The Dillon Wind Power Project unveiled 45 new turbines in the Coachella Valley on Friday. The project would contribute to California s goal of producing 20 percent of its energy from renewable resources by 2010. San Bernardino County could be next in line for wind farms. The proposal that is farthest along is in Apple Valley. (Eric Reed/Staff Photographer)
Lauren McSherry, Staff Writer
San Bernardino Sun
PALM SPRINGS - On Friday morning, elected officials, environmentalists and energy company representatives heralded the unveiling of the Dillon Wind Power Project, a group of 45 turbines towering more than 300 feet above the Coachella Valley.
Experts were quick to talk about how the project will reduce California's carbon footprint.
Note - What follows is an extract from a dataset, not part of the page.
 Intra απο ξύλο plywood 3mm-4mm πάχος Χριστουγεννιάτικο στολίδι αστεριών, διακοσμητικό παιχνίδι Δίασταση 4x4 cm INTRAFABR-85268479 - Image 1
Missing from the discussion, though, was a revelation with big import for San Bernardino County.
Energy companies are looking to higher elevations of San Bernardino County as the next frontier for renewable energy.
The Palm Springs wind farms have been built out, and there are few options other than upgrading their aging turbines.
A number of proposals have been submitted to the state Bureau of Land Management, but one - a proposal that would build up to 28 turbines six miles east of Apple Valley and is the farthest along in the approval process - could be San Bernardino County's first wind farm.
The company behind the $130 million plan, Granite Mountain Wind in Redlands, says it will help California meet its goal of producing 20 percent of its energy from renewable energy sources by 2010.
The proposal's 410-foot ridgeline turbines, however, have created controversy. Some residents have said property values could be affected, scenic views could be lost and wildlife corridors could be blocked by roads.
And the project still has some hurdles. The California Public Utilities Commission must approve the agreement between Granite Mountain Wind and Southern California Edison, which would buy the energy. A decision is expected by the end of the summer. The project must also make it through the environmental review process, which is being overseen by the county and the BLM.
Although Carl Zichella, regional staff director of the Sierra Club, spoke in support of the Dillon wind farm Friday, he said he could not comment on the Granite Mountain Wind project.
Other proposed wind projects in the High Desert include an application for up to 36 turbines just northeast of Apple Valley on Sidewinder Mountain, which was submitted to the BLM by Orion Energy Group, owned by energy behemoth BP Amoco PLC, according to BLM documents.
Another wind farm is proposed for 3,100 acres in Johnson Valley, northeast of Lucerne Valley. Up to 34 425-foot turbines could be built.
Sierra Renewables is studying three potential wind farms between Barstow and Baker, said Gill Howard, project manager with Sierra Renewables, which is the parent company of Granite Wind Energy.
Howard said the Granite Mountain project alone would mean a substantial investment in the local economy.
About $12 million would go toward construction. Money that will go toward hiring local contractors and buying construction materials, she said.
In addition, Granite Mountain Wind would pay $1 million in property taxes to the county each year, and 17 jobs would be created, she said.
"And that's just one project," she said. "If we were to do some of the others, we would be looking at much higher numbers than that."